I bet the your first guess was right. They dissapearred at night and that catfish is big enough that you wouldn't even see a bulge. No wonder the US imports 1.8 million neons a year http://en.wikipedia.org/wiki/Neon_tetra#cite_note-chapman1997-2


----------



## Cacatuoides (Feb 2, 2009)

I just took notice you have a goldfish in there as well. He needs different conditions than everything else. Just a heads up.


----------



## pxexaxcxex (Jul 28, 2009)

Cacatuoides said:


> I just took notice you have a goldfish in there as well. He needs different conditions than everything else. Just a heads up.


How so? Temp. wise? I keep the temp at about 75-78. I have moved it up before for ick reasons without problem. My goldfish seems to be thriving and was from the first batch of fish I got in this aquarium. I know the goldfish is a cold water fish, but I just make sure not to keep it too warm. There seems to be a happy equilibrium. Sooner or later I plan to turn this either into a goldfish aquarium or get Goldie it's own. Only because it will be so big that it will limit the amount of bio-load I can have in this tank.


----------



## Candymancan (Mar 10, 2010)

My suggestion, is if you get neon tetra's.. Make sure the PH in the water is low around 6.9 or under, try to find big neon tetra's usually small ones are the ones that die.. Bigger ones are more "established" you could say and iv found dont seem to die like the small ones do.

Also keep the light on for 2-3 days after you get the neons.. They die in the night cause they are litterally sleeping.. Usually at night they drift away from eachother turn there colors off and i find mine spread all over the tank in the morning.. So if you keep the light on for a couple days they can get used to the tank easier.

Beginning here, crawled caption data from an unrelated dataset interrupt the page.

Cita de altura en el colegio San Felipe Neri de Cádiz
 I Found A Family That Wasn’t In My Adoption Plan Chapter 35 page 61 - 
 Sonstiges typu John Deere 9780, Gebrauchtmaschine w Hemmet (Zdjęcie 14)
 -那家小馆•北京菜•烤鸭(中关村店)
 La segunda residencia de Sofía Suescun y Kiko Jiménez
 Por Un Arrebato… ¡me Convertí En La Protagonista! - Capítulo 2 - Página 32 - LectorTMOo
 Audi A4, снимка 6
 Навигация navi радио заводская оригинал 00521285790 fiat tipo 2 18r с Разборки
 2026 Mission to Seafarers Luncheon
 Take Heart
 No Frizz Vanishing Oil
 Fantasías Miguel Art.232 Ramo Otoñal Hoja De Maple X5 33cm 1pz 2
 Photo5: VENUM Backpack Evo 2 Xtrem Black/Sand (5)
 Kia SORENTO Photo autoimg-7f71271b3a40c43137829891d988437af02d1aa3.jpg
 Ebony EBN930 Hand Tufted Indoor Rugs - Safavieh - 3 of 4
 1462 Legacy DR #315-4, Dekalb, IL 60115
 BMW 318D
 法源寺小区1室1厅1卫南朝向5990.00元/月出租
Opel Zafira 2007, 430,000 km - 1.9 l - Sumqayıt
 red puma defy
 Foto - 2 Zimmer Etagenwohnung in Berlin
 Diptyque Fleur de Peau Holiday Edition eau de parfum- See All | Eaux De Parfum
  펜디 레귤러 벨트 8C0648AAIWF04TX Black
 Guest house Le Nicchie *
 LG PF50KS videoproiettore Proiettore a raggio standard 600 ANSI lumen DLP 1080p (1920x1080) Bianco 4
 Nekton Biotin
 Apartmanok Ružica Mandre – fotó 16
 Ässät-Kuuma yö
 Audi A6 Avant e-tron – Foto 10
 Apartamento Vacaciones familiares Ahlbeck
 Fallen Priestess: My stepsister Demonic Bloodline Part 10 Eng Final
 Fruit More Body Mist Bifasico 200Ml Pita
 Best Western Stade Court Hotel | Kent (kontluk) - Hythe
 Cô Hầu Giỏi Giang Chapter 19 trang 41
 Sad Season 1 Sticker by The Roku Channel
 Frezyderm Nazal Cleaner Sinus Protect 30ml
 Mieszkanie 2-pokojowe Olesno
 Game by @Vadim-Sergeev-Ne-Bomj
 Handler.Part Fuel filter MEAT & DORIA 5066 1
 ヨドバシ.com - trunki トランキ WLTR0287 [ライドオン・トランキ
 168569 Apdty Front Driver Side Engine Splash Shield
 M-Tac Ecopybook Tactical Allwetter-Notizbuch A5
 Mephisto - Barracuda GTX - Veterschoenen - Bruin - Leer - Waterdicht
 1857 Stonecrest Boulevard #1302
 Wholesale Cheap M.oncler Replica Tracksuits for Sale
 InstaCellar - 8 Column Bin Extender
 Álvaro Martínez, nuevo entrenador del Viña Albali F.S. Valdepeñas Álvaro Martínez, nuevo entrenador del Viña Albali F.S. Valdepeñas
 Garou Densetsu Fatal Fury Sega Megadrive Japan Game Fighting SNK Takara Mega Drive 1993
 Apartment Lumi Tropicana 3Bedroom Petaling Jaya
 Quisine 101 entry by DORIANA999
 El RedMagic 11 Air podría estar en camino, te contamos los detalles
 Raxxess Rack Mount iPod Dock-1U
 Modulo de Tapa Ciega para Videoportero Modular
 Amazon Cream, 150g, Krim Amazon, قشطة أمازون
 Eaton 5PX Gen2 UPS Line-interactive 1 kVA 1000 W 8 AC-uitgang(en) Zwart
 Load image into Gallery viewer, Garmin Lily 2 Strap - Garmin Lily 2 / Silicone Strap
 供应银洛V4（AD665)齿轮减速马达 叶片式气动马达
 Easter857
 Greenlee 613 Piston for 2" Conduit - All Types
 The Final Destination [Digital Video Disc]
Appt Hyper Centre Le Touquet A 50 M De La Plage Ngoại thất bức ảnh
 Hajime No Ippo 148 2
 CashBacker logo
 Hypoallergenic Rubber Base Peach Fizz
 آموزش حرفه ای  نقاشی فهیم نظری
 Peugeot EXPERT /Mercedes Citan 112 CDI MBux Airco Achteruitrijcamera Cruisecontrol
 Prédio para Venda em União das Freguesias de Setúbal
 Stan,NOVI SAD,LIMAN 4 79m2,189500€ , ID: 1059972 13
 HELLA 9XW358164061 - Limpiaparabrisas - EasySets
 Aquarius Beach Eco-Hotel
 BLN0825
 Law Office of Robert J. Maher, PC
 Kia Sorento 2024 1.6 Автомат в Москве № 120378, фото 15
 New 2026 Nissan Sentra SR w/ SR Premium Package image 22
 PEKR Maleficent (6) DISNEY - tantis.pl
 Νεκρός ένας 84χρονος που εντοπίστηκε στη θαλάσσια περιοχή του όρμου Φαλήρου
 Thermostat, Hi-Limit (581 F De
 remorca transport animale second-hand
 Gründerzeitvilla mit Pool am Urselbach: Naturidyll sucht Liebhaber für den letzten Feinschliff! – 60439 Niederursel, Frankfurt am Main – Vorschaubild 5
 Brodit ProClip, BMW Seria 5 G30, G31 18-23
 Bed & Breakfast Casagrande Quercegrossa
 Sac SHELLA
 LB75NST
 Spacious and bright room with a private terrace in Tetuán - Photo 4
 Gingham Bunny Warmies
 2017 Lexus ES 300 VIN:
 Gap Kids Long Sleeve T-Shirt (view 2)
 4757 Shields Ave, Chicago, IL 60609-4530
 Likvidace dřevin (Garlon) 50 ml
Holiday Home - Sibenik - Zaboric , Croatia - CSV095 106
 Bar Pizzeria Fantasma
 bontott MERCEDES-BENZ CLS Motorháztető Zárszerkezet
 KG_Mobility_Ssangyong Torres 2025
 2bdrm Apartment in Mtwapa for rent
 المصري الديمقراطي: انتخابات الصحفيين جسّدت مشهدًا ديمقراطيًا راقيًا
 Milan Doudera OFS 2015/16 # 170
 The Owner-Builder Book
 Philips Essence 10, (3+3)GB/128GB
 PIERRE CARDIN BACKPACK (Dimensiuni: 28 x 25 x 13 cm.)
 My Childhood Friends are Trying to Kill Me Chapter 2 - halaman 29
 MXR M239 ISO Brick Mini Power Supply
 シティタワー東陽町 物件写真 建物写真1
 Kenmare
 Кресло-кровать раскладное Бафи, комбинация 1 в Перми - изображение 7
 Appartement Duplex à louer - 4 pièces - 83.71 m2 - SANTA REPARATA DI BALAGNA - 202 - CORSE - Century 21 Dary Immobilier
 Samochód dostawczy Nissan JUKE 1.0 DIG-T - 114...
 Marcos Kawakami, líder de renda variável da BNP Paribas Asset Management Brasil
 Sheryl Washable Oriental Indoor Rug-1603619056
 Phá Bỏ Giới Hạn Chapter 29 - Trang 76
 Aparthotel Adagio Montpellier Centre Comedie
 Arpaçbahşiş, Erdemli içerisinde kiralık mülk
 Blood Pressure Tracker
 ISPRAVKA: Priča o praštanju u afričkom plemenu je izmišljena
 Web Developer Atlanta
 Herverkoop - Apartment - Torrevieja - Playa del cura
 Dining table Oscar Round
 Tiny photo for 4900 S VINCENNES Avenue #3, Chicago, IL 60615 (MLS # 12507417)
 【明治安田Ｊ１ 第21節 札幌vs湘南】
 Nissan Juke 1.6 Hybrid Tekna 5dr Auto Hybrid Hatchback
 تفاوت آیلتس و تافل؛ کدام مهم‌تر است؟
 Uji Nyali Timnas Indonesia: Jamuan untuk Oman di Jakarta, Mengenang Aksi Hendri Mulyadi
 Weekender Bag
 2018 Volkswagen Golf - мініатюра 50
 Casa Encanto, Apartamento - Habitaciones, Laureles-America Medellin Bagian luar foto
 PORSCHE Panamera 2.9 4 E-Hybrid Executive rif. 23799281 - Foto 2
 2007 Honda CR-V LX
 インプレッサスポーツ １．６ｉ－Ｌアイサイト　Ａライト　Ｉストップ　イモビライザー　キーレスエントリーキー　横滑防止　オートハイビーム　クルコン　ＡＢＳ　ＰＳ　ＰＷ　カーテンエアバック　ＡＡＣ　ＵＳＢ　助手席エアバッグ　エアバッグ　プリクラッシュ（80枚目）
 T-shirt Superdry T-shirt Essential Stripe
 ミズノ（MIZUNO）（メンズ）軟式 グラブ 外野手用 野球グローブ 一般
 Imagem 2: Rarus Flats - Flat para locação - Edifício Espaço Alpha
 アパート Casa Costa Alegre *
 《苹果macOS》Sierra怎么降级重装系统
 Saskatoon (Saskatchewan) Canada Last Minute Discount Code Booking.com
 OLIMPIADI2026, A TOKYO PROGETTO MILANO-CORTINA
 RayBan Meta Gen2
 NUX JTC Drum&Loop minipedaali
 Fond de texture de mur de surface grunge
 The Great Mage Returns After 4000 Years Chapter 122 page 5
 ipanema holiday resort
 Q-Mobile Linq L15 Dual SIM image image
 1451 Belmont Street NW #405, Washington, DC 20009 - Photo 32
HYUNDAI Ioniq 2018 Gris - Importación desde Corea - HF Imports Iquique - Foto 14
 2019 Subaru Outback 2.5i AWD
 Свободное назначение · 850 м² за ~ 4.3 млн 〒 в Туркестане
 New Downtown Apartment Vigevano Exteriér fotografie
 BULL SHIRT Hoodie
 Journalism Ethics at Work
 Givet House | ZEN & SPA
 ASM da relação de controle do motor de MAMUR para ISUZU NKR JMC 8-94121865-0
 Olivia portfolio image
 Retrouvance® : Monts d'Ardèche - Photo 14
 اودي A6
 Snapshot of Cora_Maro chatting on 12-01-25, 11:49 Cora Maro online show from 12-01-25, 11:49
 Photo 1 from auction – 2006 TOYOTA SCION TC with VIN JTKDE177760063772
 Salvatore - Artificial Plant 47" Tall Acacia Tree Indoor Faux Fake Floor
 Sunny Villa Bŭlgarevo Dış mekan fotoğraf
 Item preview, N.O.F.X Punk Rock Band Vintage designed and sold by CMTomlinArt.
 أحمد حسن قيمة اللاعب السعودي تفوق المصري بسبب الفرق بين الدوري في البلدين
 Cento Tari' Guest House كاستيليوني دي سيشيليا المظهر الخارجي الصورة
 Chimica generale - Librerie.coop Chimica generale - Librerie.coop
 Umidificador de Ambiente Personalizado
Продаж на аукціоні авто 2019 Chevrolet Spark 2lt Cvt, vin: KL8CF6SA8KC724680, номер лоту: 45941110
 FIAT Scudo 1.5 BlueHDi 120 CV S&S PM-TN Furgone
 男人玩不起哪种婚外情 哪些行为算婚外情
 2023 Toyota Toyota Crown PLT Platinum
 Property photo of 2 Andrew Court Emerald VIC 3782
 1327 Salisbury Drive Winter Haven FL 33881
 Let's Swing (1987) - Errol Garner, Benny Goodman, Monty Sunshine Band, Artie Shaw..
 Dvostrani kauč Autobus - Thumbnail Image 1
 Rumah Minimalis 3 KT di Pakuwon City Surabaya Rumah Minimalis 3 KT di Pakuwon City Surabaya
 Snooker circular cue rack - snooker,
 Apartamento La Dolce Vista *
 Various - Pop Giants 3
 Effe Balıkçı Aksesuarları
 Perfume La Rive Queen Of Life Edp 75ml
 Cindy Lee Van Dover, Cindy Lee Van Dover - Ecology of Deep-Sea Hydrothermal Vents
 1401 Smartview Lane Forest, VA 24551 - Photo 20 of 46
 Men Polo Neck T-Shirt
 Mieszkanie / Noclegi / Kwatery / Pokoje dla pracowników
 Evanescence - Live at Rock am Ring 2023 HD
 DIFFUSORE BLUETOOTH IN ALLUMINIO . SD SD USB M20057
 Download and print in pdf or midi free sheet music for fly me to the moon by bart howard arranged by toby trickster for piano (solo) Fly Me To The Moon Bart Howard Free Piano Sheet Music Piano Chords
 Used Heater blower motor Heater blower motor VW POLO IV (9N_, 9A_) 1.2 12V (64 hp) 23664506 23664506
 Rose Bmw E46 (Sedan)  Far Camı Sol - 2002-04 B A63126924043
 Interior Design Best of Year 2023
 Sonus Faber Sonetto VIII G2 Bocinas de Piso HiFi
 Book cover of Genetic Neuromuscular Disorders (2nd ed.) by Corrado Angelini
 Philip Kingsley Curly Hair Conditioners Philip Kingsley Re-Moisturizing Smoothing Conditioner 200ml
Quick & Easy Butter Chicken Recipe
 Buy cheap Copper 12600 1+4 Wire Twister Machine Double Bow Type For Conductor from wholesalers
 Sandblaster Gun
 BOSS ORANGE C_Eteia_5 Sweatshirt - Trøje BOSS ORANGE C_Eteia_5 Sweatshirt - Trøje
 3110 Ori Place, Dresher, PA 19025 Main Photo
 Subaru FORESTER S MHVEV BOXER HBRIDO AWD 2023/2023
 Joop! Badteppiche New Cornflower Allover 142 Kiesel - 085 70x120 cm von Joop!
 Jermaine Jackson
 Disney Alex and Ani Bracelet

You have a 55g tank with less fish then i have in my 27g id say your bio load is fine... Neons are nothing to the bio load really.


----------



## pxexaxcxex (Jul 28, 2009)

Candymancan: Yeah, I should have left the lights on. I have not seen any of the fish poop black, but the Synodontis stays hidden all the time. I have a feeling it was a combination though.


----------